Superbugs resistant to some of the most powerful antibiotics in the medical arsenal have been found for the first time in a British river – with scientists pinpointing a local sewage-treatment plant as the most likely source.
Scientists discovered the drug-resistant bacteria in sediment samples taken downstream of the sewerage plant on the River Sowe near Coventry. The microbes contained mutated genes that confer resistance to the latest generation of antibiotics.
The researchers believe the discovery shows how antibiotic resistance has become widespread in the environment, with sewage-treatment plants now acting as giant “mixing vessels” where antibiotic resistance can spread between different microbes.

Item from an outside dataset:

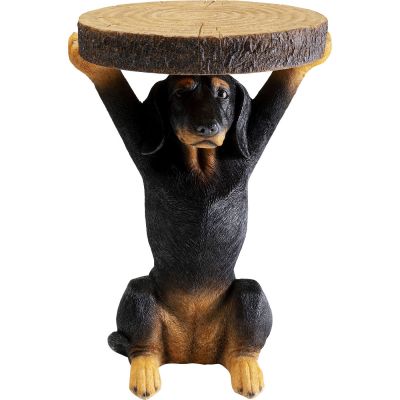Side Table Animal Bassotto Ø32cm 87769 в Киеве купить kare-design мебель свет декор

A study found that a wide range of microbes living in the river had acquired a genetic mutation that is known to provide resistance to third-generation cephalosporins, a class of antibiotics used widely to treat meningitis, blood infections and other hospital-acquired infections.
Within the river sediment, the scientists also found human gut bacteria that had developed resistance to another kind of antibiotic, called imipenem, which is administered by intravenous injections for severe infections not normally treatable with other antibiotics.
“These are frontline antibiotics and we were not expecting to see these kinds of levels of resistance to them in the environment. It is quite staggering,” said Professor Elizabeth Wellington of the University of Warwick, who led the study. “This is a worrying development and we need to be concerned about it. We’ve completely underestimated the role waste-treatment processes can play in antibiotic resistance,” she told The Independent.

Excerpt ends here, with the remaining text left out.